Let's go through the process of running the PIG Script with the entire Gutenberg collection, we first uploaded the MapReduce word count file, WordCount.js [link] by typing fs.put() it brings up dialog box for you to upload the WordCount.js file.
Next, you can verify that the WordCount.js file has been uploaded properly by typing #cat /user/admin/WordCount.js. As you noticed, HDFS commands that normally looks like: hdfs dfs –ls has been abstracted to #ls.
pig.from("asv://firstname.lastname@example.org/").mapReduce("/user/admin/WordCount.js", "word, count:long").orderBy("count DESC").take(10).to("DaVinciTop10")
This process may take 10s of minutes to complete, since the dataset is rather large.
The View Log link provides detailed progress logs.
Click on The Reduce link in the Table above to check on the Reduce Job, notice there shuffle and sort processes. Shuffle basically is the process where the reducer is fed with output with all the mappers output that it needs to process.
Click into the Counters link, there are significant amount of data being read and written in this process. The nice thing about Map Reduce jobs is that you can speed up the process by adding more compute resources.

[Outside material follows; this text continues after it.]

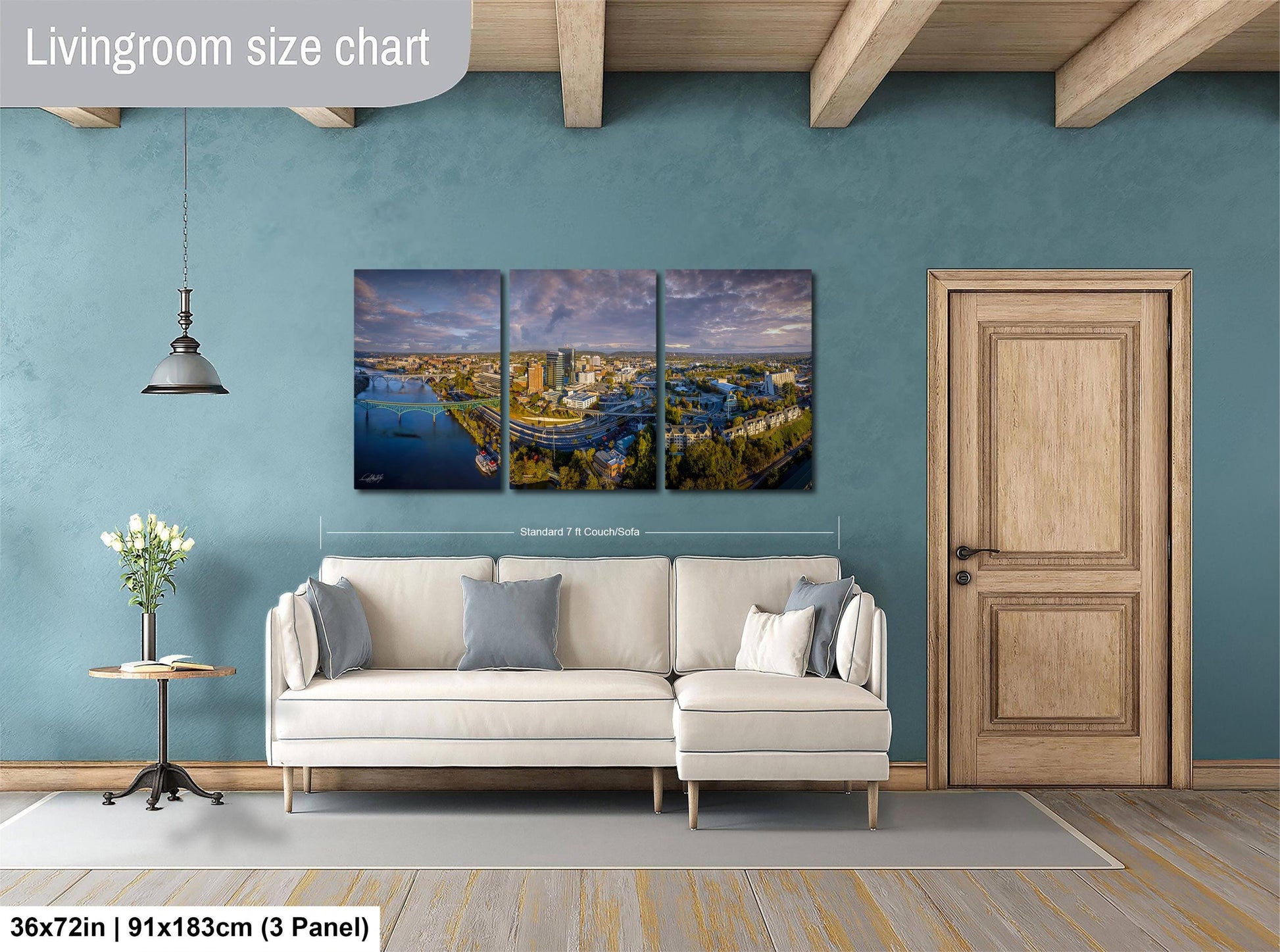 The image is a living room with a large, three-panel landscape painting hanging on the wall. The painting depicts a cityscape with a river and buildings. The room has a white sofa, a wooden door, and a small table with a vase of flowers. The painting is approximately 36 inches wide and 15 inches tall, and it is mounted on a wooden beam ceiling.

The mapping phase can be significantly speed up by running more processes in parallel.
When everything finishes, the summary page tells us that the pig script was really about 5 different jobs, 07 – 11. for learning purposes, I’ve posted my results at: https://github.com/wenming/BigDataSamples/blob/master/gutenberg/results.txt
file = fs.read("DaVinciTop10")
data = parse(file.data, "word, count:long")

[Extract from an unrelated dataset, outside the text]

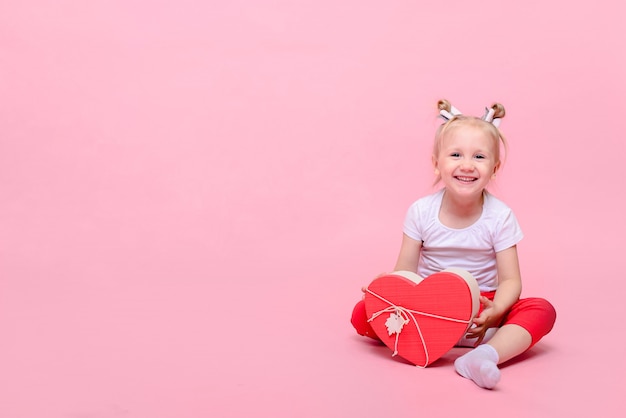 Lustiges Baby in einem weißen T-Shirt und in der roten Hose mit einer herzförmigen Schachtel auf einem rosa Hintergrund.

When we compare the entire Gutenberg collection with just the Davinci.txt file, there’s a significant difference, with our new data we can certainly estimate the occurrences of these top words in the English language more accurately than just looking through 1 book.

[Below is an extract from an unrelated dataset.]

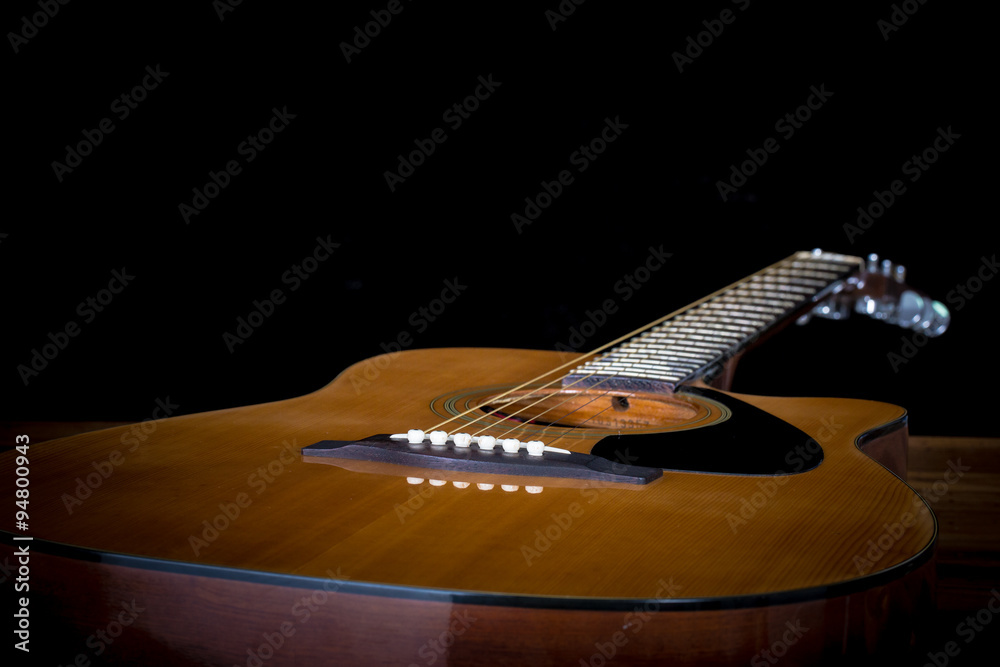 Fototapeta premium acoustic guitar detail on black background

More data always gives us more confidence, that’s why big data processing is so important. When it comes to processing large amounts of data, parallel big data processing tools such as HDInsight (Hadoop) can deliver results faster than running them on single workstations. Map Reduce is like the assembly language of Big Data, Higher level languages such as PIG Latin can be decomposed into a series of map reduce jobs for us.